Dataset section:
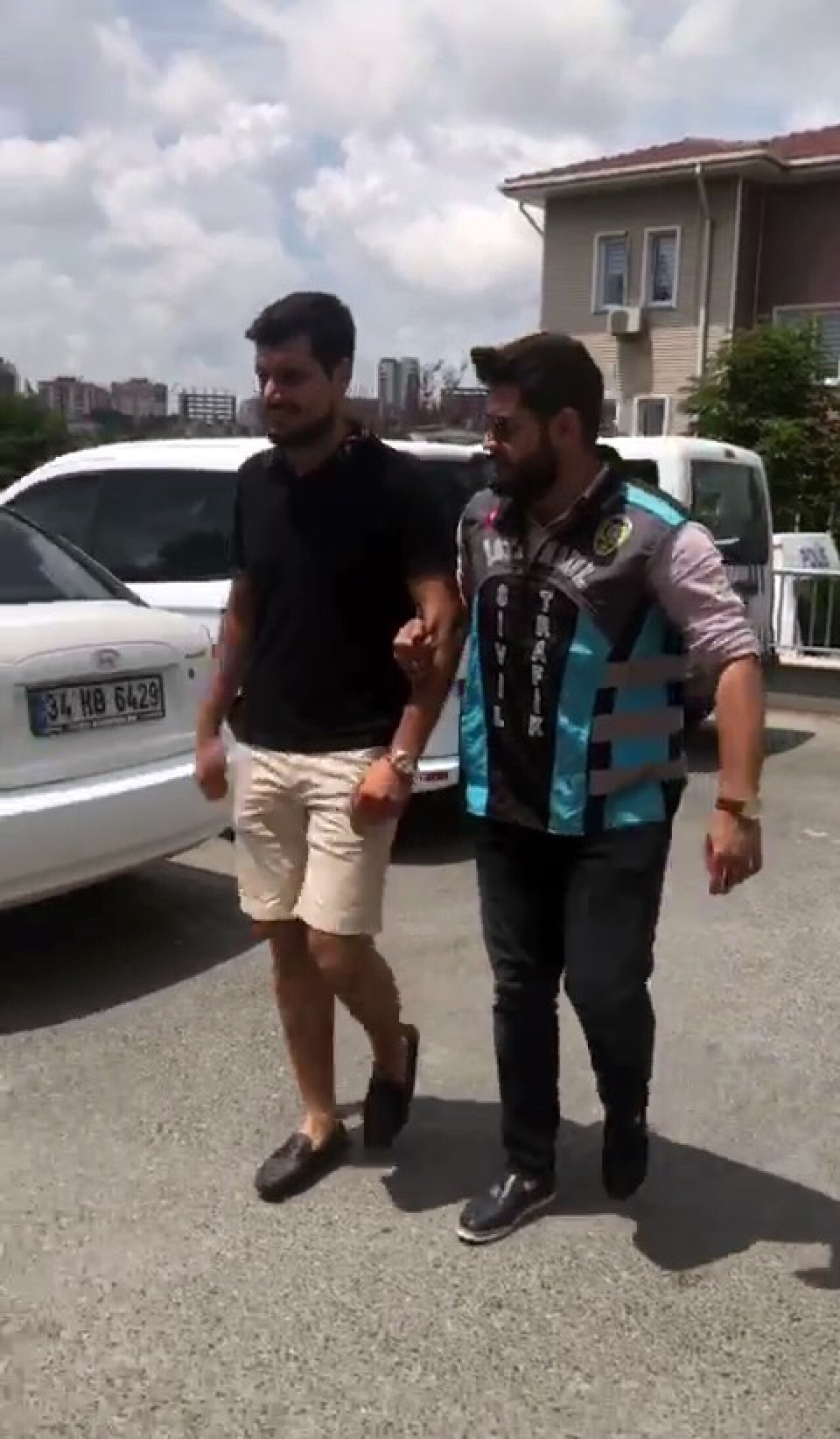 Yolu trafiğe kapatıp “drift” yapan maganda yakalandı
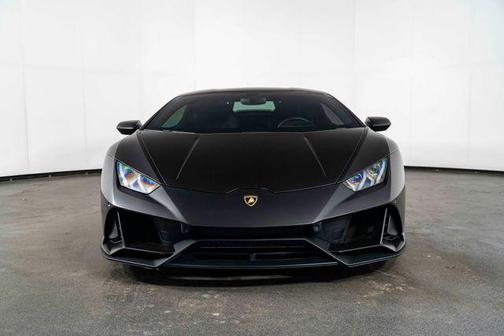 Silver(Wrapped Matte Black) 2020 Lamborghini Huracan EVO Base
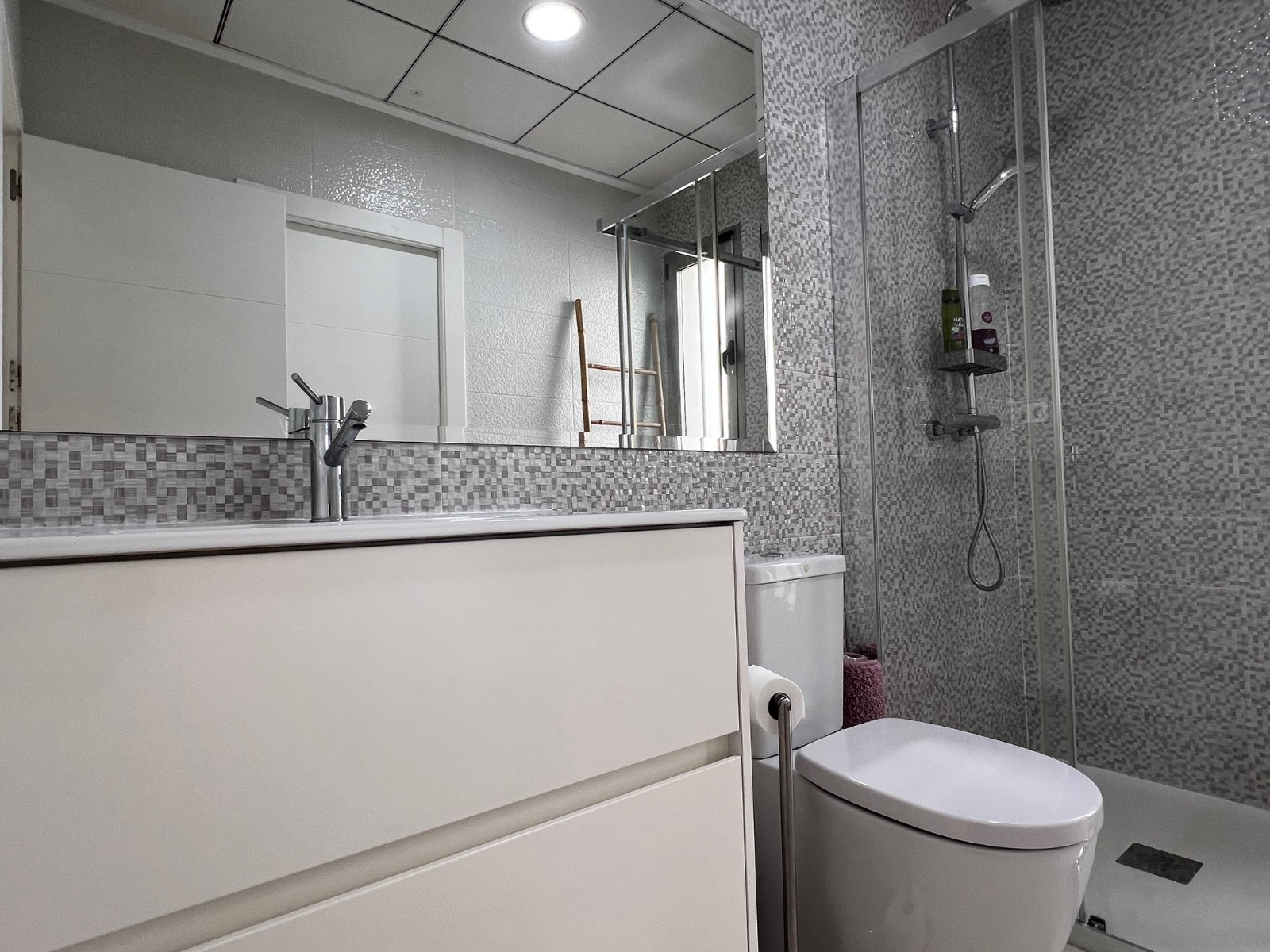 Bedroom in villa for sale in Orihuela Costa
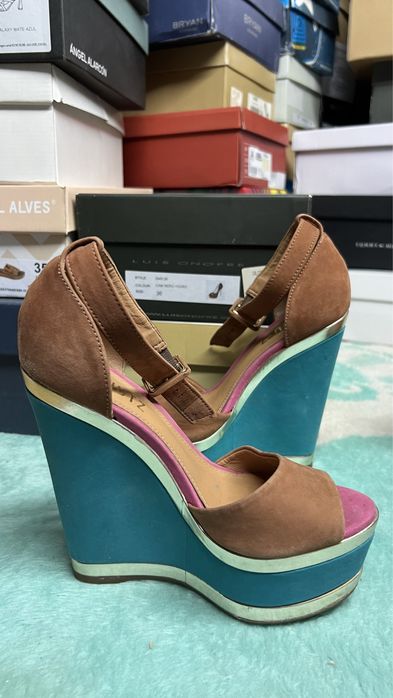 Sandalias de cunhas - schutz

Task details: Print, please, exactly the lines from the one holding "Bedroom in villa for sale in Orihuela Costa" through the final line of the data, both included, while leaving out each picture.

Task response:
 Bedroom in villa for sale in Orihuela Costa
 Sandalias de cunhas - schutz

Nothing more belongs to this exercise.